§ **Directions for this task**
Count the lines holding the string "Leather" in the records, and give only the count.

▽

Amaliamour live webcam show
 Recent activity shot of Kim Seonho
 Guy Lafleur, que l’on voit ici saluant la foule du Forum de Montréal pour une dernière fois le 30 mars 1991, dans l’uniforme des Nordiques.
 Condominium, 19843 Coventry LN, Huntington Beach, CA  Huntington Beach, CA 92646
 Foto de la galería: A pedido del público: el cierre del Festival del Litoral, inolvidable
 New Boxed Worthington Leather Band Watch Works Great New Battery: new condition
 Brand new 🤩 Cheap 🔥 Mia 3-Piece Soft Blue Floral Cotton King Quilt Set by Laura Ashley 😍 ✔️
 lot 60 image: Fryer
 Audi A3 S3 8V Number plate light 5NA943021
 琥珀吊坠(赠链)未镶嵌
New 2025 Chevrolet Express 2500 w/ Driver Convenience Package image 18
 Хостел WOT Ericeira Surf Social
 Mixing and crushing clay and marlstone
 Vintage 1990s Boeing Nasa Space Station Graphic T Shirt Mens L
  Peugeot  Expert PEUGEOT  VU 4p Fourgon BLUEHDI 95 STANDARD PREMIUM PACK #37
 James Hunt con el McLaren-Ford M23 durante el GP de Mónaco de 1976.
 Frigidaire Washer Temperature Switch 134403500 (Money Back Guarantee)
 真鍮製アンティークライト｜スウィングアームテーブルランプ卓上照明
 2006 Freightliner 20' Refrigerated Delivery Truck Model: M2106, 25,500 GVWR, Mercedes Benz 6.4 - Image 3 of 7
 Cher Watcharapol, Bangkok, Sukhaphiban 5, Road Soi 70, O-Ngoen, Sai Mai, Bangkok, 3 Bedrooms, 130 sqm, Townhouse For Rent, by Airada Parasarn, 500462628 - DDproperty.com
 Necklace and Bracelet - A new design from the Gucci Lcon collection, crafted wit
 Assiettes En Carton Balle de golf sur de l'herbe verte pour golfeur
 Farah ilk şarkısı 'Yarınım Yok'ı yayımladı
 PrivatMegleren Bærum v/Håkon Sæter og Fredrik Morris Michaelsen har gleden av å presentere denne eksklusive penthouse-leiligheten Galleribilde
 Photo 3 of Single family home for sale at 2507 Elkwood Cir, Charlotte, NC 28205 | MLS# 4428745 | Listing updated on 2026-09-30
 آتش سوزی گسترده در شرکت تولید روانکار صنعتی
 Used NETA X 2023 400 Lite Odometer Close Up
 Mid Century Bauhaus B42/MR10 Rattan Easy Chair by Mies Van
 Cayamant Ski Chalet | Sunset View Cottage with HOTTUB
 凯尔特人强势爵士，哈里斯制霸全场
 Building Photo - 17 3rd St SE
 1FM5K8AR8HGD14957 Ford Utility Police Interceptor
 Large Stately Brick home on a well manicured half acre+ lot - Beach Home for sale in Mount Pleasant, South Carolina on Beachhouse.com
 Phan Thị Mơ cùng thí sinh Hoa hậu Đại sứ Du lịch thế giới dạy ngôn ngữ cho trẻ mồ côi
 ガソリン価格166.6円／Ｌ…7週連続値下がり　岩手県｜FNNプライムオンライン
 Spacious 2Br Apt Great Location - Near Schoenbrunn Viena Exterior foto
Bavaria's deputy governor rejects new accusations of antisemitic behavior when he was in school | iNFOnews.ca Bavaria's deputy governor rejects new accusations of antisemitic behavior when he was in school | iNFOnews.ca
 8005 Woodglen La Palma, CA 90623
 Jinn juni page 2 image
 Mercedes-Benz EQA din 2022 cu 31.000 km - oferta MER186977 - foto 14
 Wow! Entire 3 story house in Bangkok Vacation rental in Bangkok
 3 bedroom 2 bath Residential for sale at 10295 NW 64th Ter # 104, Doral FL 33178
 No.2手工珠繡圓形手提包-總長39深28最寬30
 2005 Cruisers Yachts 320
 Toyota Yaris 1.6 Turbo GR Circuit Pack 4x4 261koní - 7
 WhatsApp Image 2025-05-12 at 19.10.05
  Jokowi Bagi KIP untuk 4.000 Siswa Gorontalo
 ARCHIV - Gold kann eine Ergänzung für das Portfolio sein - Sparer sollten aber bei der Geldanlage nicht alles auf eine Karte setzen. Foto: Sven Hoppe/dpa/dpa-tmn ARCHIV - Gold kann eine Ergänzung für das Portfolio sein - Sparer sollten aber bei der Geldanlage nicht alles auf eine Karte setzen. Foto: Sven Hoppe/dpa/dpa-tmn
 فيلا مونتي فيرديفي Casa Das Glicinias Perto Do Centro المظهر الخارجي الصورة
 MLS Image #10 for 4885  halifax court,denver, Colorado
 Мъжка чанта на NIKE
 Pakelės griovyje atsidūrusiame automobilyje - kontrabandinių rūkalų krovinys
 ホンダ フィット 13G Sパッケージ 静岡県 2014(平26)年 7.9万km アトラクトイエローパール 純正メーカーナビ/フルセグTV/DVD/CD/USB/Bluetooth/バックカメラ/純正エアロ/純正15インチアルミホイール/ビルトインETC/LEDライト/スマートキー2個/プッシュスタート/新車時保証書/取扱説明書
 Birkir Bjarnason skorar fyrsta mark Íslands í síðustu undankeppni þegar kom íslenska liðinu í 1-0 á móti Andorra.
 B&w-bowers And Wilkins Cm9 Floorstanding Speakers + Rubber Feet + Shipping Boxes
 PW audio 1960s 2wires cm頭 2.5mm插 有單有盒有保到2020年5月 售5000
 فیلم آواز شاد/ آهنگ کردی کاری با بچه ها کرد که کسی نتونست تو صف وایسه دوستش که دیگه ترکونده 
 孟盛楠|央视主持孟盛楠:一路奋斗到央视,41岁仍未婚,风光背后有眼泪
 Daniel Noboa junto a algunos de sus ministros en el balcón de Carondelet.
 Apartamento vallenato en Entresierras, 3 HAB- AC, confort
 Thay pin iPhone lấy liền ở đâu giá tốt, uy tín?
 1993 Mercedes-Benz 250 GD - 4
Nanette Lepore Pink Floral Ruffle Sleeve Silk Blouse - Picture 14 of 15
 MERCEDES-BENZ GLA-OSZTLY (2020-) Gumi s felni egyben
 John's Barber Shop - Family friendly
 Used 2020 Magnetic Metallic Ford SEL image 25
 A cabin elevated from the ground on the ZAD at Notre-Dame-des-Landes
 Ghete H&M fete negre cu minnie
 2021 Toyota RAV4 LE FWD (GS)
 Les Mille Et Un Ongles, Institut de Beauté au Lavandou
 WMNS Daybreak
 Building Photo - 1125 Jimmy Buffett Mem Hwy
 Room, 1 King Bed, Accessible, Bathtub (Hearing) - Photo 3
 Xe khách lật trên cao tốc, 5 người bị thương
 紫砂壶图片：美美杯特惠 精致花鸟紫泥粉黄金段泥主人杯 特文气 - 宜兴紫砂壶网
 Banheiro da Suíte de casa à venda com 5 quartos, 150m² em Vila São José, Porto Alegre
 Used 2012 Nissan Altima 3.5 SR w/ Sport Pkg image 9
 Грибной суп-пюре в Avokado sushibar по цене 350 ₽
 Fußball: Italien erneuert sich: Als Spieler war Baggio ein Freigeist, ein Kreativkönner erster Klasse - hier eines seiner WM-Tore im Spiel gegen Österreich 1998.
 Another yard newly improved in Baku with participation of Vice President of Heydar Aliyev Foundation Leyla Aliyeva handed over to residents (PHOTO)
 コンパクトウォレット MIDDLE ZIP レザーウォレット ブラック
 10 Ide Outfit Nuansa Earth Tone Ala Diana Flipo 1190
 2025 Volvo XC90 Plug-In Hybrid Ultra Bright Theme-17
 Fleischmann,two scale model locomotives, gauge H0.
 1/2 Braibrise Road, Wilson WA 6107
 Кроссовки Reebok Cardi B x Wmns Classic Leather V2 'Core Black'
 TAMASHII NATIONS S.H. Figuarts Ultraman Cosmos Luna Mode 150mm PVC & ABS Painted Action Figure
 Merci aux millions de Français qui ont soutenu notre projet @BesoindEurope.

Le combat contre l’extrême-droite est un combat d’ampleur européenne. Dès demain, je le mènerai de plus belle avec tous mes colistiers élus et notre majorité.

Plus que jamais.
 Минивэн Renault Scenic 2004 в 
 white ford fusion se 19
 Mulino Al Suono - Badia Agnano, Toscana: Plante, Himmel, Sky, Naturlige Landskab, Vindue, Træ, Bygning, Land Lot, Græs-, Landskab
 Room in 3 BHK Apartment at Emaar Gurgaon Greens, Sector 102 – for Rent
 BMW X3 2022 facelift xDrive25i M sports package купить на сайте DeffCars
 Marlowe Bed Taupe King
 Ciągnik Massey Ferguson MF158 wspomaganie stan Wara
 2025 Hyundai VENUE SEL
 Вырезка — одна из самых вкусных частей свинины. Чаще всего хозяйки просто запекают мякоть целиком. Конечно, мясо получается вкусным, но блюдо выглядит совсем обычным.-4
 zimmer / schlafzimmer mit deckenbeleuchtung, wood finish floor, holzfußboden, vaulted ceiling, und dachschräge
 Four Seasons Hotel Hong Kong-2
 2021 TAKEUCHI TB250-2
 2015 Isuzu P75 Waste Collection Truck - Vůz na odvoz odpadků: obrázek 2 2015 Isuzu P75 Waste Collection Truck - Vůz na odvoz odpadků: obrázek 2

△

§ **Exercise response**
2